To keep the cabin cool, Concorde used the fuel as a heat sink for the heat from the air conditioning, the same method also cooled the hydraulics. During supersonic flight the surfaces forward from the cockpit became heated, a screen was used to deflect much of this heat from directly reaching the cockpit.
Concorde also had limitations on livery. The majority of the surface had to be painted with a highly reflective white paint to avoid overheating the aluminum structure due to heating effects from supersonic flight at Mach 2. In 1996, Air France briefly painted F-BTSD in a predominantly-blue livery (with the exception of the wings) as part of a promotional deal with Pepsi Cola. In this paint format, Air France were advised to remain at Mach 2 for no more than 20 minutes at a time, but there was no limit at speeds under Mach 1.7. F-BTSD was chosen for the promotion because the aircraft was not then programmed to maneuver any long flights that required extended Mach 2 operations.
Structural Issues
Due to the high speeds at which Concorde travelled, large forces were applied to the aircraft's structure during banks and turns. This caused twisting and deformation of the aircraft's structure. In addition there were concerns over maintaining precise control at supersonic speeds; both of these issues were resolved by active ratio changes between the inboard and outboard elevons, changing at differing speeds including supersonic. Only the innermost elevons, which are attached to the stiffest area of the wings, are active at high speed.

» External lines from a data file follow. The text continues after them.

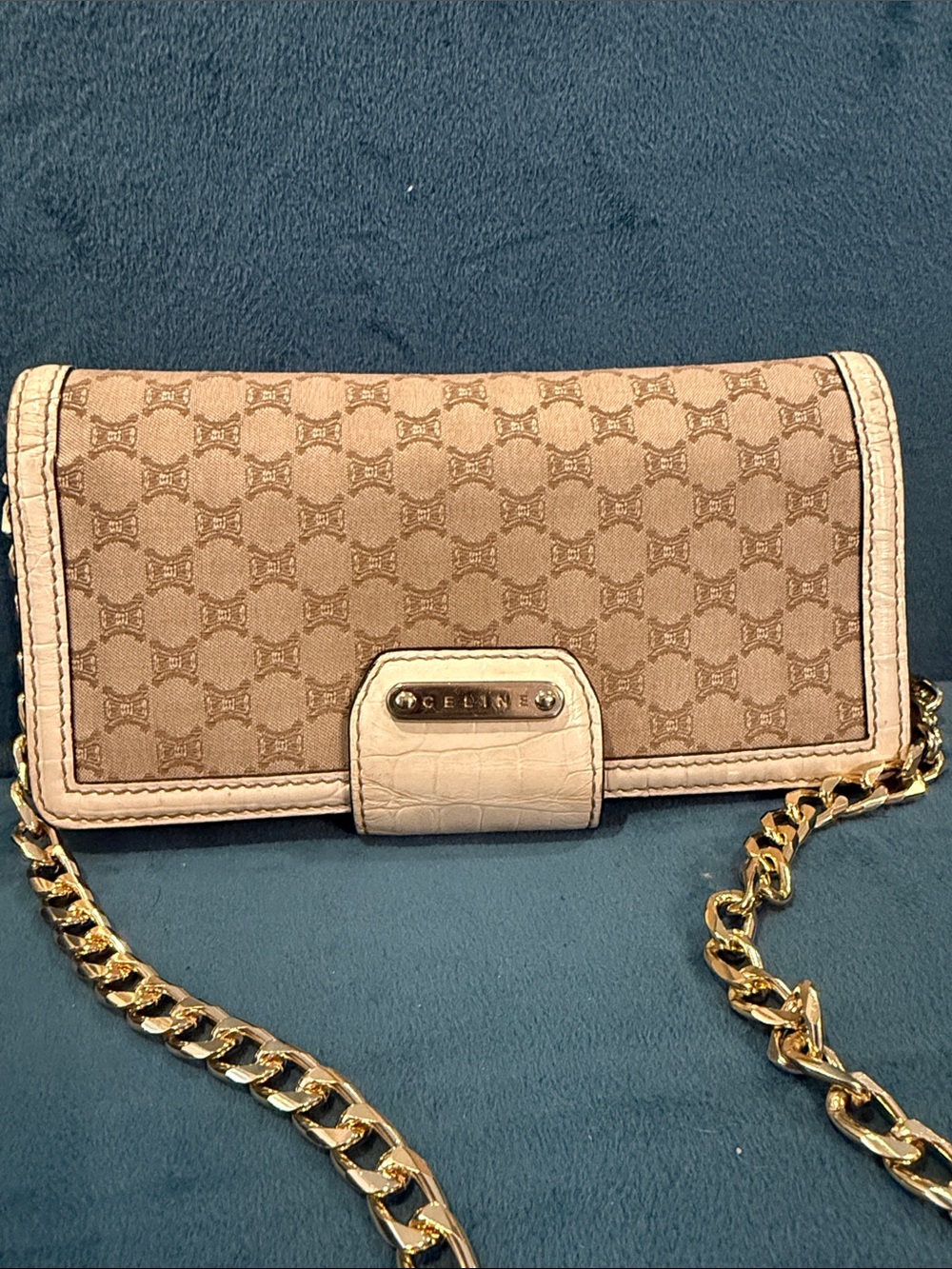 Celine Beige Monogram Crossbody with Gold Chain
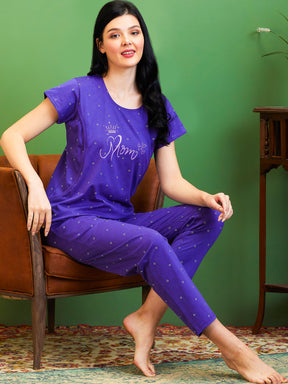 AV2 Women Cotton Feeding Top & Pyjama Nighsuit Set Purple - 2520A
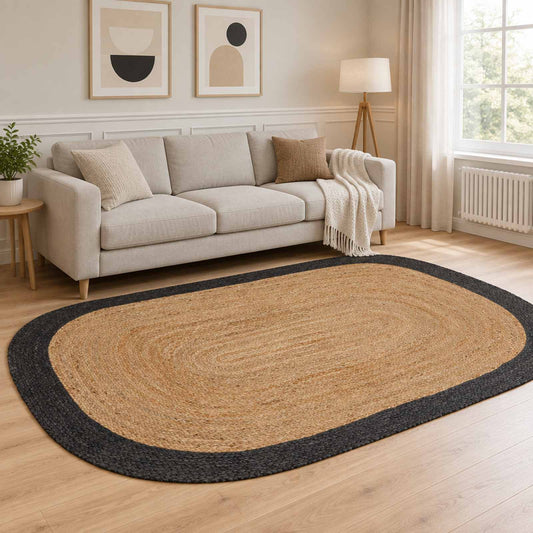 Area Rug Dark Grey 205 x 305 cm Jute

Additionally, the slim fuselage meant that the aircraft flexed. This was able to be seen from the rear passengers' viewpoints.
Environment Impact
The problem of the noise emitted by the powerful engines developed for Concorde by Rolls-Royce in Britain and SNECMA in France proved less tractable. It was a struggle from the start to secure approval for Concorde to be allowed to fly to and from New York, and the noise issue meant that the number of airports where it was certified to operate remained limited.
Conclusion
On 25 July 2000, Air France Flight 4590, registration F-BTSC, crashed in Gonesse, France, killing all 100 passengers and nine crew on board the flight, and four people on the ground. It was the only fatal incident involving the type
On 10 April 2003, Air France and British Airways all together announced that they would retire Concorde later that year. They cited low passenger numbers following the 25 July 2000 crash, the slump in air travel following 9/11 and rising maintenance costs.